Short web captions:
_____
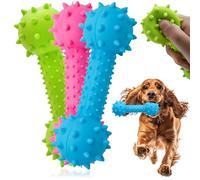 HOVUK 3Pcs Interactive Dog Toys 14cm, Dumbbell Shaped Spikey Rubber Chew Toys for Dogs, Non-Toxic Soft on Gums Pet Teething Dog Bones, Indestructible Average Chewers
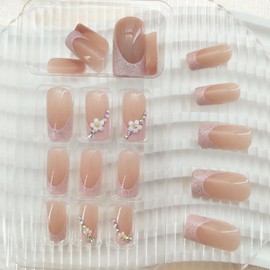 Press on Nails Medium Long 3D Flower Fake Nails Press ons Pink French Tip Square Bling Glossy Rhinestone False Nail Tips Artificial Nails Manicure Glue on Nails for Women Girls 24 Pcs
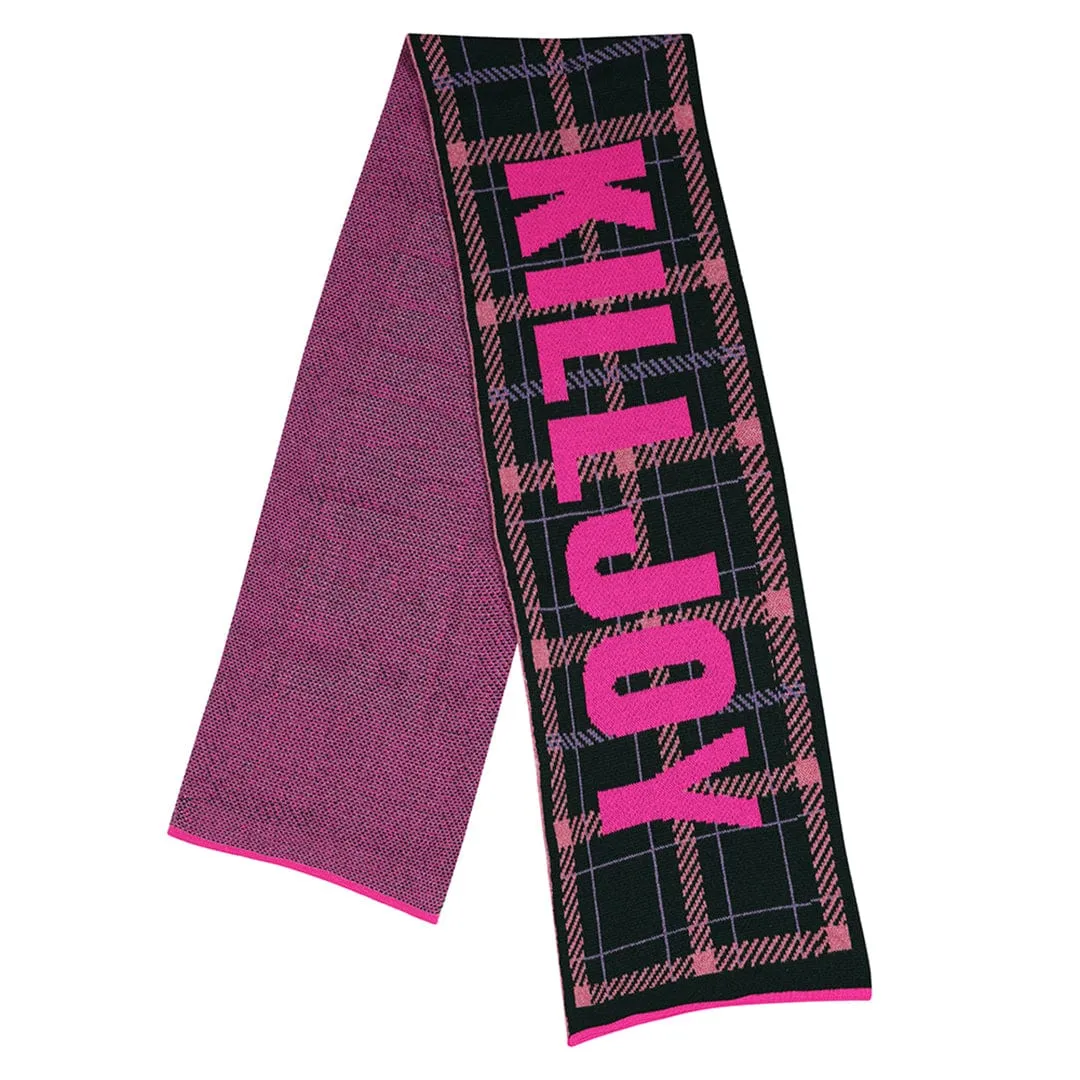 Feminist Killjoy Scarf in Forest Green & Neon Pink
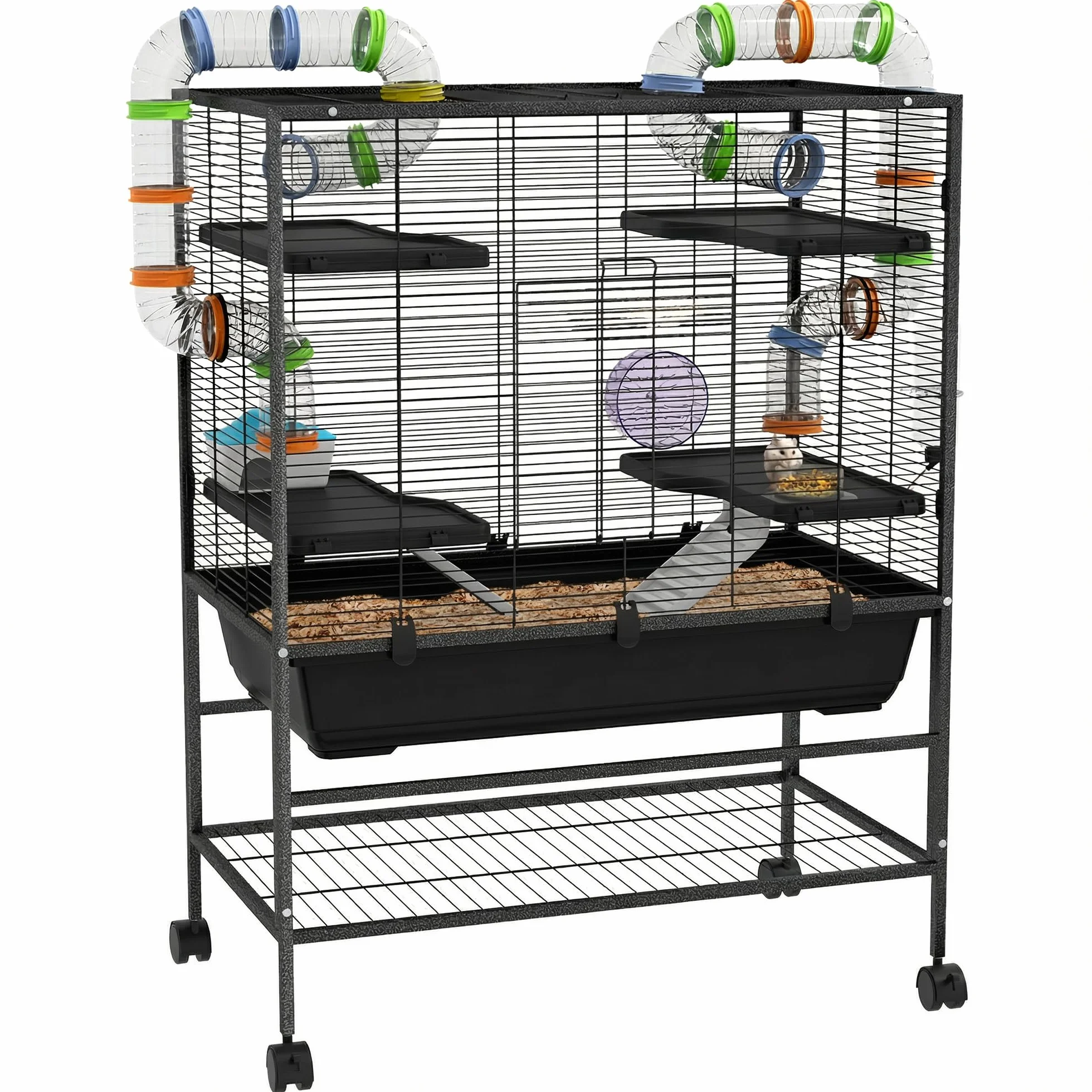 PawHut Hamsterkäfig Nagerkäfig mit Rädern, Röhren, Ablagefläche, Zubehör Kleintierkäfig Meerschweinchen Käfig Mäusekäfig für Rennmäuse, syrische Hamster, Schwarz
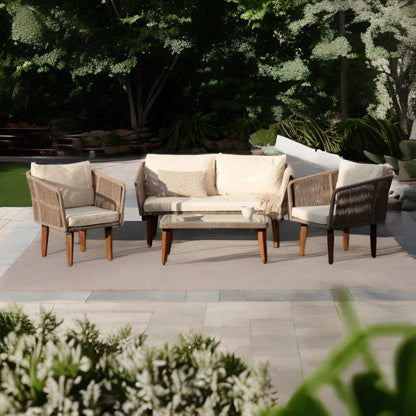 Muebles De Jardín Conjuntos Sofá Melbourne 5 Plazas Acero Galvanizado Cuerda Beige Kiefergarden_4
_____
_WORK TASK_. The lines from the one containing "PawHut Hamsterkäfig Nagerkäfig" through the last line of the entries are to be copied exactly, both ends included, and the pictures are to be omitted.

_OUTPUT_.
 PawHut Hamsterkäfig Nagerkäfig mit Rädern, Röhren, Ablagefläche, Zubehör Kleintierkäfig Meerschweinchen Käfig Mäusekäfig für Rennmäuse, syrische Hamster, Schwarz
 Muebles De Jardín Conjuntos Sofá Melbourne 5 Plazas Acero Galvanizado Cuerda Beige Kiefergarden_4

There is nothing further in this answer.